CAIRO – The Muslim Brotherhood is on the run.
Its leaders, including its Supreme Guide, Mohamed Badie, are in prison. Badie’s only son, Ammar, was killed during the military’s clearing of protests last week. Badie’s deputy, Mahmout Ezzat replaced him, and is apparently free for now, but others are imprisoned or sought for arrest. Its protestors have been scattered by police and the army, losing hundreds of lives in the process. The cancellation of its legal status is now being discussed by the military-backed government. Former President Hosni Mubarak’s release on Thursday, from jail to house arrest, is salt in a wound. As they fall from the heights of leadership, so the old and reviled leader climbs, if shakily, out of the pit.
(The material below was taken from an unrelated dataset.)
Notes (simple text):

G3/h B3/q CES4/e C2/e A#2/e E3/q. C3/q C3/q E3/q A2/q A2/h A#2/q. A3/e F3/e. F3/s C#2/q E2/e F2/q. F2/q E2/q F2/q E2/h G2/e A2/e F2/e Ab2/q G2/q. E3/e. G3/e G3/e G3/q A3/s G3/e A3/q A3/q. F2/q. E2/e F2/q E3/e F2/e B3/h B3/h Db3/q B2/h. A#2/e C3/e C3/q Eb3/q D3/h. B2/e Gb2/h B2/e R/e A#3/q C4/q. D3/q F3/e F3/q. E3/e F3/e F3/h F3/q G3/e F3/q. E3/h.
In a special report, Reuters correspondents wrote that the Brotherhood originally had decided not to contest for power after the fall of Mubarak, arguing — according to the U.S. scholar Nathan Brown, who met the senior Brotherhood official Khairat El-Shater several times — that ”the burdens of Egypt are too big for any one political actor.” Yet, in power, it insisted on being that one actor.
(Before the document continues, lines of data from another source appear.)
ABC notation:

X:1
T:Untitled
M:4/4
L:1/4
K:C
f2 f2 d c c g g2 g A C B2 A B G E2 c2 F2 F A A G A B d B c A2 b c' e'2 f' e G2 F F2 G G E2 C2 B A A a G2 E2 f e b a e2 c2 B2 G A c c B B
Neither a visionary nor an efficient politician, Mohamed Mursi issued meaningless calls for unity and moderation, while rooting legislative power in an Islamist-dominated Shura Council that he appointed. He brushed aside all proposals for inclusion of other forces and sought to make his office unchallengeable. Mohammed Habib, a former deputy supreme leader of the Brotherhood, now a renegade with his own party, wrote in the Egypt Independent this week that, ”they lost everything due to their failure to understand what was happening around them.”
The loss is still visible in the streets around Rabaa al-Adawiya Square in Cairo, where the Brotherhood and their supporters camped for weeks before the military moved in last Friday.
There are lines of burnt out cars and other equipment standing sentry around scorched pavements and buildings. Soldiers sit behind machine guns on top of tanks and armored carriers, baking in the sun. There are few people on the streets. It has the sense of a space with the life sucked out of it. Abdallah Hassan, an Egyptian journalist with whom I work in Cairo, took a series of pictures of the sprawling encampment a day or two before the clearances: he decided to focus on the children, playing about the tents, posing charmingly for the camera. There were a few boys with toy guns in mock military pose — carefree, as if on holiday.